Yet I can’t even copy single 300gb file faster than 3G/s and I’m not talking about copying to the same drive but between drives (in fact even to /dev/null).
I’ve performed few more tests and I found out that with 3 dd processes I’m saturating SSD at around 6.8 GB/s:
Anything below that bottlenecks on CPU just as @alkafrazin noticed. More dd processes don’t increase bandwidth but 2 dd processes already don’t achieve 6.8 GB/s. So it’d be great to have cp that could use 3 or 4 threads. This behavior is still valid after issuing drop_caches or after fresh boot so it’s not RAMcached.
That said another thing I noticed is that after few seconds kswapd0 kicks in and performance drops again to around 4 GB/s but I believe it may be related to fact that I’m writing to /dev/null and that may not be the best test ever and maybe there are some performance limitations related to implementation of /dev/null so I wouldn’t be really concerned about that.
I’m 99% sure it’s related to /dev/null caching since free -g shows growing amount of buff/cache until it reaches 119G (machine has 256GB RAM, 128GB hugepages for VMs):
But the point is - cp should be multithreaded with at least 3 threads in my case (or in fact 6 threads because I was testing on single drive and I use 2 drives in btrfs RAID1 which round robins PID’s between drives so with 6 threads it could assign 3 to each drive)
Quick sanity check , are you copying data locally, i.e from within the same physical device? All write benchmarks assume that data source is external to measured device! Almost no one outright measures mixed scenario
If yes, then then observed performance matches real world maximum. You are using some of than maximum bandwidth just to get the data in first place. On my own machine, split is almost always 1:1, with 3GB/s being effective sequential write maximum as a result.
Other than that, have you tried the good old tar pipe trick?
If sequential rw are most efficient, then lets move around big sequential tar chunk, end extract afterwards.
Regarding perf drop:
what fs is the target? If its something complex like zfs or btrfs, it must be taken into account.
if write performance regularly drops after specific time doing continuous write, pSLC cache exhaustion is likely culprit
pSLC cache size depends on drives size (upper limit)
and also on current free space avaible (real limit)
finally firmware policies (uknown), refer to techpowerup ssd database for details
fio benchmark is much better test that just dd to anywhere
are your ssd drives cooled properly? Controllers might be throttling, worth checking just in case
Also this good old reference article might be of interest. Some system tuning might be fun
As the previous post with the test chart, all those samsung and seagate are fast and only mesure the ram cache built on the nvme. The actual storage chip is all the same of a standard usb stick of 10gbs. This is why after 1min top it drop. If you want full sustain, you go with intel D7 or kioxia serie as thoses will give full throuput at top speed.
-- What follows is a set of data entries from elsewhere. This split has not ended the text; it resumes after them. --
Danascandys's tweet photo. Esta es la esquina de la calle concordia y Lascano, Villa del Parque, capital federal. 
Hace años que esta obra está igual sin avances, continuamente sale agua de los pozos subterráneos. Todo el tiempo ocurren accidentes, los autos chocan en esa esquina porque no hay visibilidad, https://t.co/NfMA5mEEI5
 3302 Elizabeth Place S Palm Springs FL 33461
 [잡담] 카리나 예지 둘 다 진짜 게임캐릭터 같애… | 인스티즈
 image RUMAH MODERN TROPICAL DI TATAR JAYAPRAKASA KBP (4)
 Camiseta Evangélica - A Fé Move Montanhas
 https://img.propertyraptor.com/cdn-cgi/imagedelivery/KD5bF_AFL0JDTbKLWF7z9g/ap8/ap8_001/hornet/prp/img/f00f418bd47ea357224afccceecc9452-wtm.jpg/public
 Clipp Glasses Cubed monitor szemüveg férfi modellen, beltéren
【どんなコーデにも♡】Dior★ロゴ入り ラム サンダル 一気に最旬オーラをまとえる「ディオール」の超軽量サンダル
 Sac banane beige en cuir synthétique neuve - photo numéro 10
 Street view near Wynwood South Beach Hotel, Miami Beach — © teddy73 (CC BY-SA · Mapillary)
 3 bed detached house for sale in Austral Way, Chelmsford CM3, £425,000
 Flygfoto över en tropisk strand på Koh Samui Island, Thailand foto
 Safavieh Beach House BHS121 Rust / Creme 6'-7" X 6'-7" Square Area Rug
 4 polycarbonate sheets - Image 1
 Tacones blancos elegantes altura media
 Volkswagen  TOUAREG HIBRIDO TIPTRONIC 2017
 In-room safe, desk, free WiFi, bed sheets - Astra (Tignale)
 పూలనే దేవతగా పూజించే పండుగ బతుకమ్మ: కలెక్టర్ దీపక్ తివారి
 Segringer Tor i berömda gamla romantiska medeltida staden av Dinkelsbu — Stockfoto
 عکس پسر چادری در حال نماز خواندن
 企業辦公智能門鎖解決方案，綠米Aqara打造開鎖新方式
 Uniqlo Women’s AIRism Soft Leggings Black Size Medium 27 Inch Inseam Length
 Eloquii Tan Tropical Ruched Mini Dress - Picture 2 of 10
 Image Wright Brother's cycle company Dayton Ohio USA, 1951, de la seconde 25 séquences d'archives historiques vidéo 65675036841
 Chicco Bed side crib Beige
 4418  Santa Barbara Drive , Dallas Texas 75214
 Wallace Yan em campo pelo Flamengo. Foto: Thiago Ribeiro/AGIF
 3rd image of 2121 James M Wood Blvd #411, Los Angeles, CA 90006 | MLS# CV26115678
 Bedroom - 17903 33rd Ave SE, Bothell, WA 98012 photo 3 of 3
And price diff is not high and you will kill thoses samsung about 1000x time before the entreprise grade one will die. But for gaming and photo edit… a consumer is made for that, not high load.
I have performed fio benchmark and it easily goes at 7G/s rate with command: fio --filename=/dev/nvme2n1 --direct=1 --rw=read --bs=256k --ioengine=libaio --iodepth=64 --runtime=120 --numjobs=4 --time_based --readonly --name=seqread
That said this thread asks how to copy FILES at 7G/s not perform synthetic, optimized benchmarks that do not tank single core load on my CPU xD
when I use fio that works like linux cp so: fio --filename=/dev/nvme2n1 --direct=1 --rw=read --bs=256k --ioengine=libaio --iodepth=1 --runtime=120 --numjobs=1 --time_based --readonly --name=seqread
then I’m again capped at 3G/s or even below that. So as much at it may be nice to shove performance issues and blame not-datacenter-grade nvme storage for thousands of dollars it’s just not the case here. It’s software problem.
I tried to perform actual cp benchmarks and it’s even worse - much worse - i’m getting 1.3 G/s cp with tmpfs as target directory. It’s more or less the same as 1.4G/s dd if=./vmdisk.img of=/dev/null. That said AGAIN when I run dd command 4 times with various file offsets I’m getting 4x 1.3G. There’s multiple reasons why i’m only getting 1.3G/s - it’s btrfs on LUKS with lzo compression, a bit fragmented CoW copy image - you know like… REAL WORLD case where performance is significantly worse than synthetic fio benchmark.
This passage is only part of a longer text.